TASK GOAL: Starting with the line that holds "Kit de Papel" and stopping after the line that holds "Dolly Cargo bike", repeat the lines below word for word, without the pictures.
+ + + + + + +
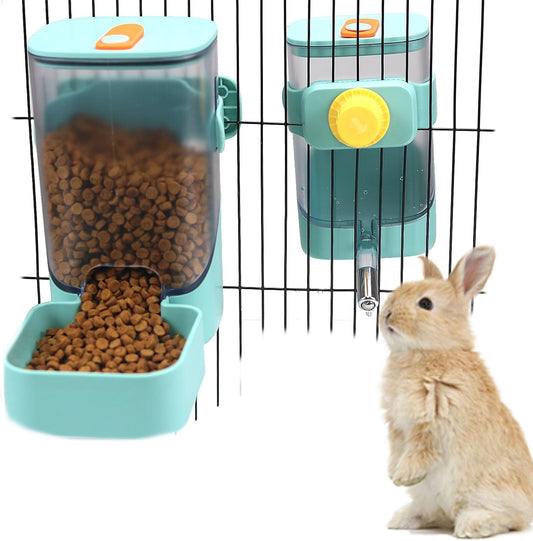 PODOO Rabbit Food Water Dispenser, 24oz No Drip Bunny Water Feeder, 34oz Large Hanging Automatic Pet Food Dispenser, Hanging Outside or Inside The Cage for Small Animals (Food+Water)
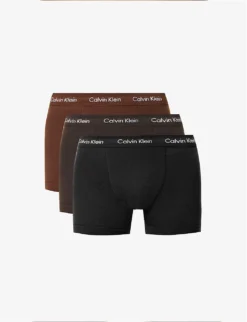 Calvin Klein Pack Of Three Branded-waistband Stretch-cotton Trunks
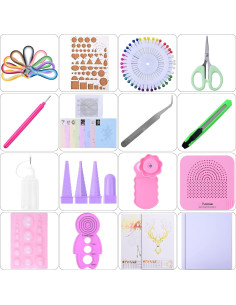 Kit de Papel Quilling YURROAD 900 Piezas 5mm con Herramientas 2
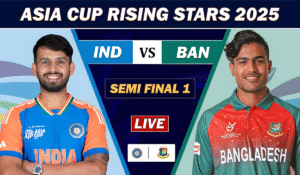 India and Bangladesh cricket players in semi-final match at Asia Cup Rising Stars 2025.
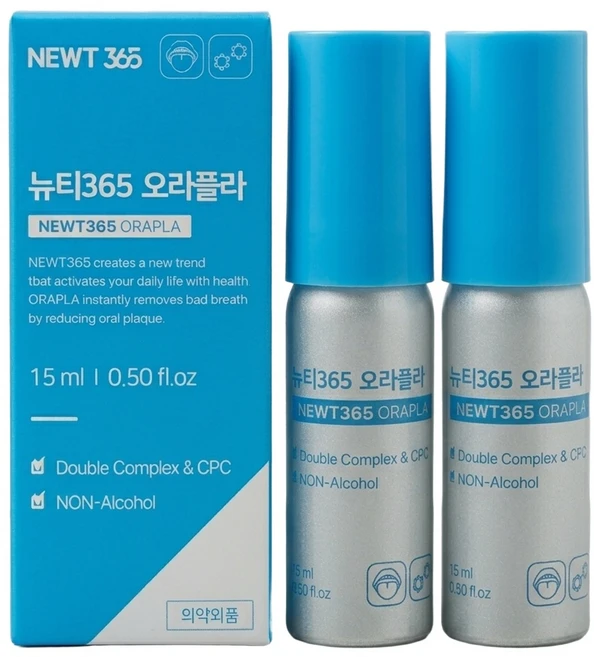 뉴티365 오라플라 15ml x2개 구강 스프레이 입냄새 제거 구취 관리 케어, 1개 - 쿠팡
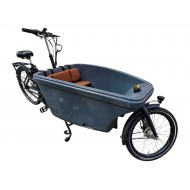 Dolly Cargo bike cushion set, model Evi, color cognac, 3 cm thick sky leather cargo bike cushions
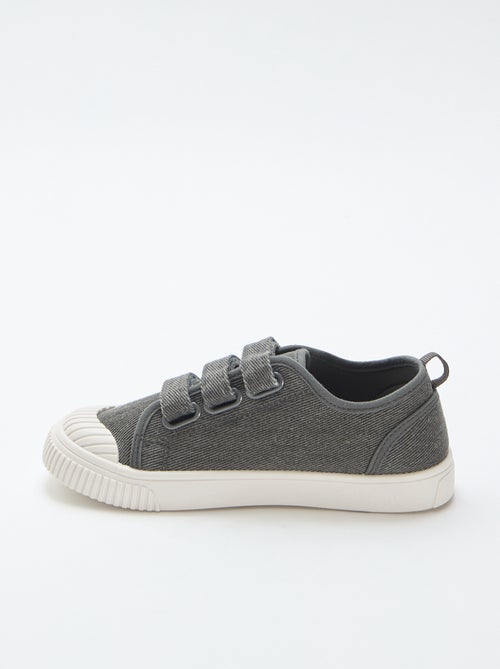 Low-top canvas trainers with hook-and-loop straps - Kiabi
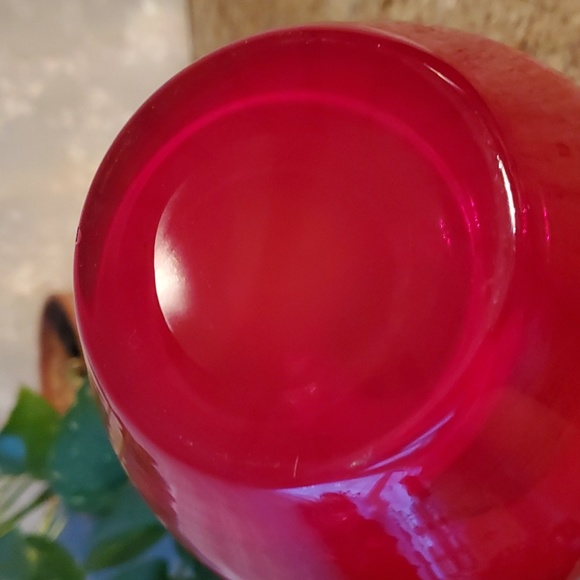 Zabkowice red glass vase - Picture 7 of 14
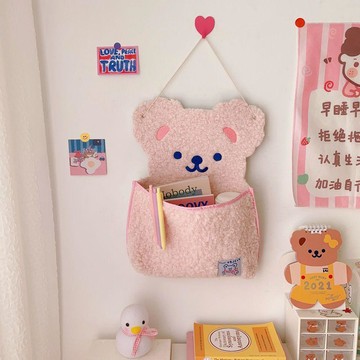 👉居家生活好物👉ins卡通小熊壁掛收納袋 可愛動物掛牆收納包 少女宿舍裝飾儲物袋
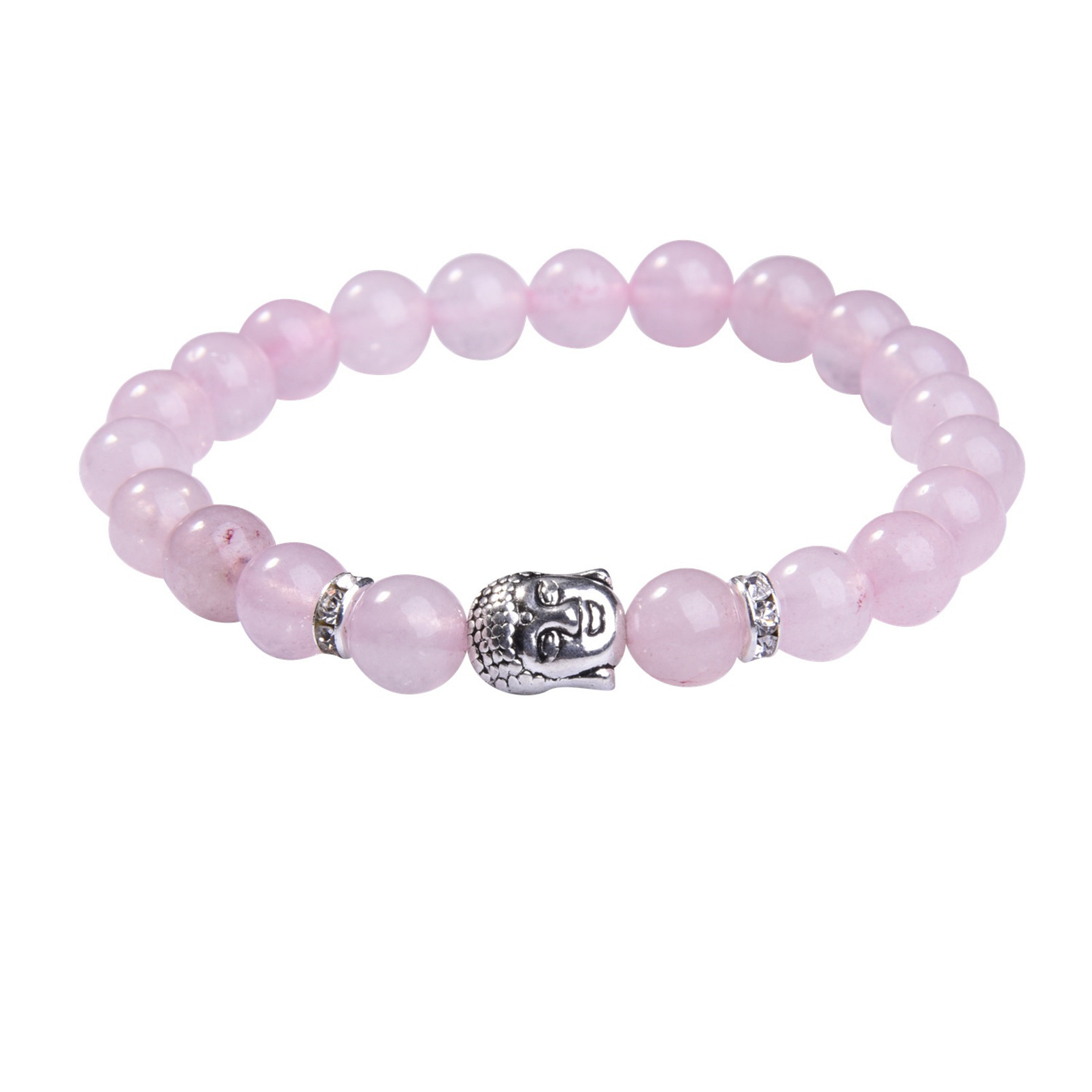Fashion Silver  6MM And 8MM Round Beads Stone Bracelets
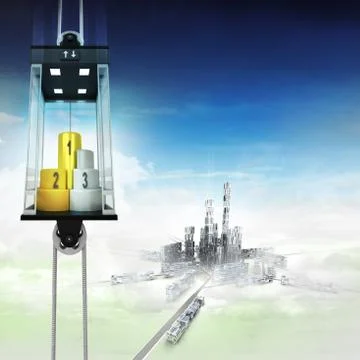 Champion stand in sky space elevator concept above city illustration Stock Illustration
+ + + + + + +
WRITTEN SOLUTION:
 Kit de Papel Quilling YURROAD 900 Piezas 5mm con Herramientas 2
 India and Bangladesh cricket players in semi-final match at Asia Cup Rising Stars 2025.
 뉴티365 오라플라 15ml x2개 구강 스프레이 입냄새 제거 구취 관리 케어, 1개 - 쿠팡
 Dolly Cargo bike cushion set, model Evi, color cognac, 3 cm thick sky leather cargo bike cushions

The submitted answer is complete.